[Dataset content]
....................

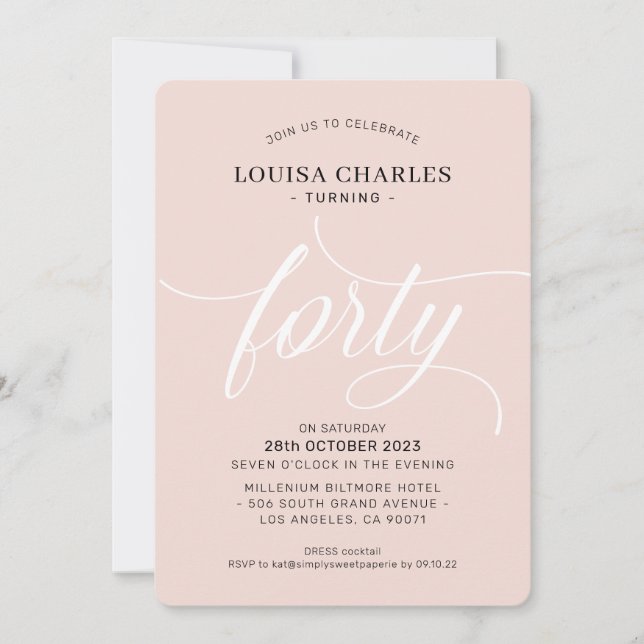 Invitation Quarante élégant anniversaire chic moderne rose pâ (Devant)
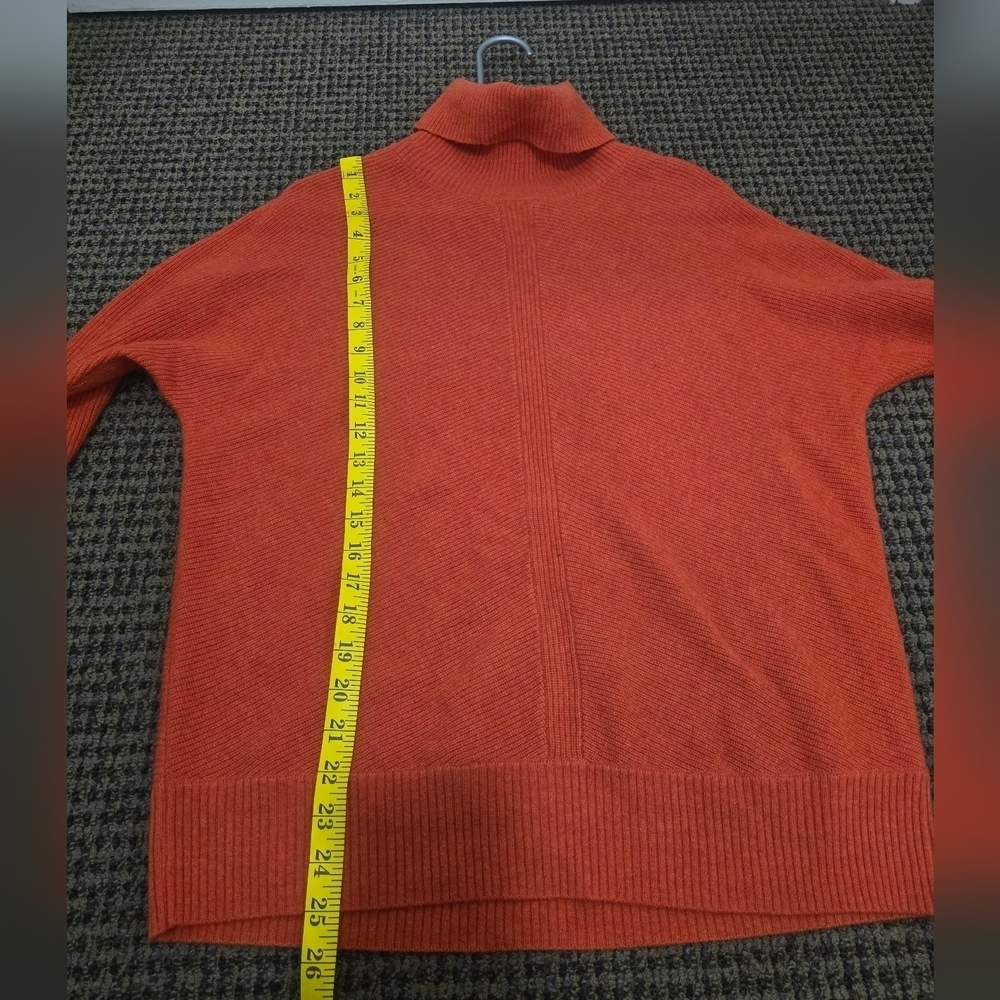 Women's Cozy Orange Turtleneck Sweater - Picture 7 of 9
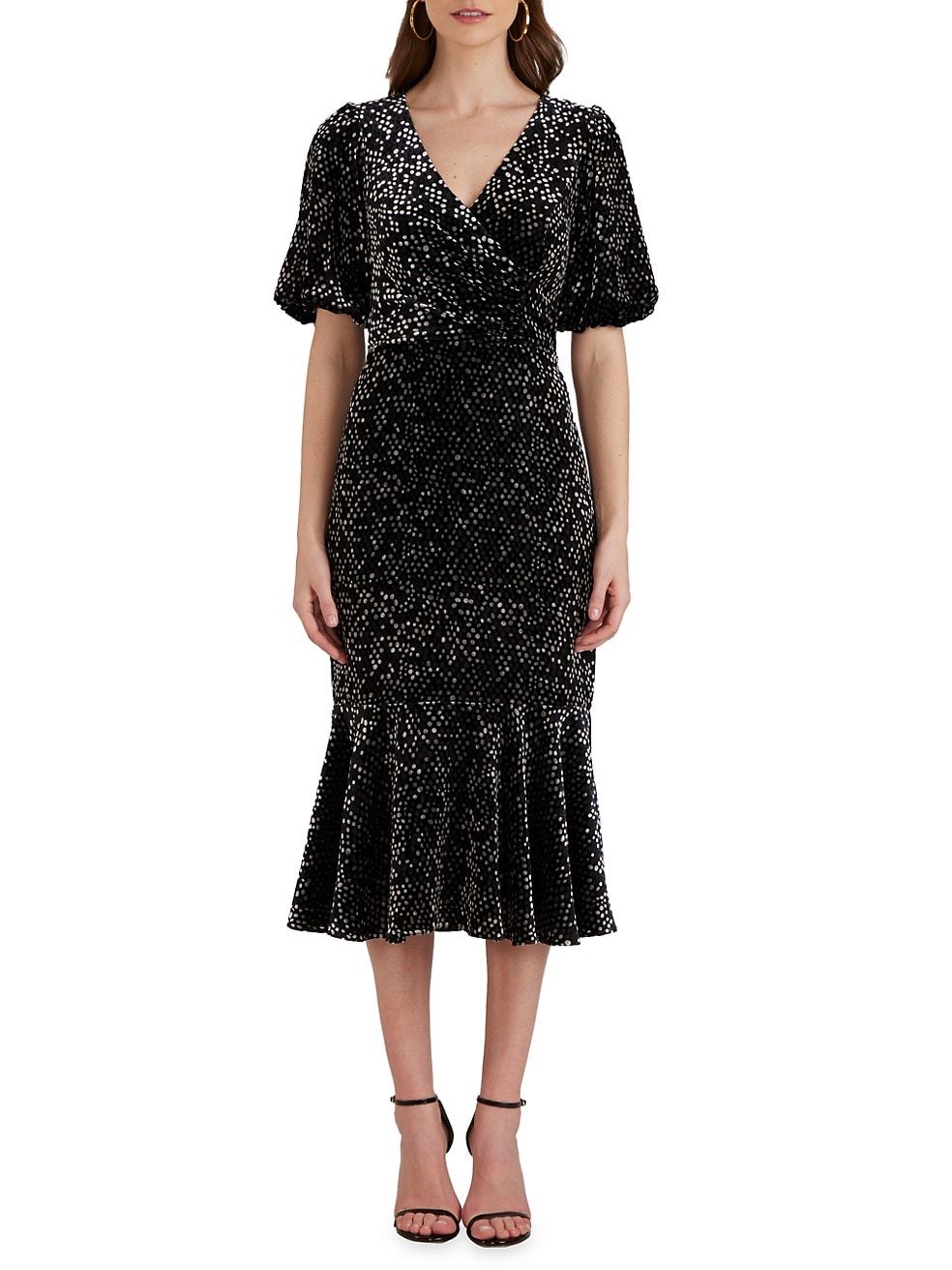 Shoshanna Colette Dotted Midi-Dress | Saks Fifth Avenue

....................

[Directions for this task]
Repeat each line of the material exactly, please, and skip every picture.

[Answer]
 Invitation Quarante élégant anniversaire chic moderne rose pâ (Devant)
 Women's Cozy Orange Turtleneck Sweater - Picture 7 of 9
 Shoshanna Colette Dotted Midi-Dress | Saks Fifth Avenue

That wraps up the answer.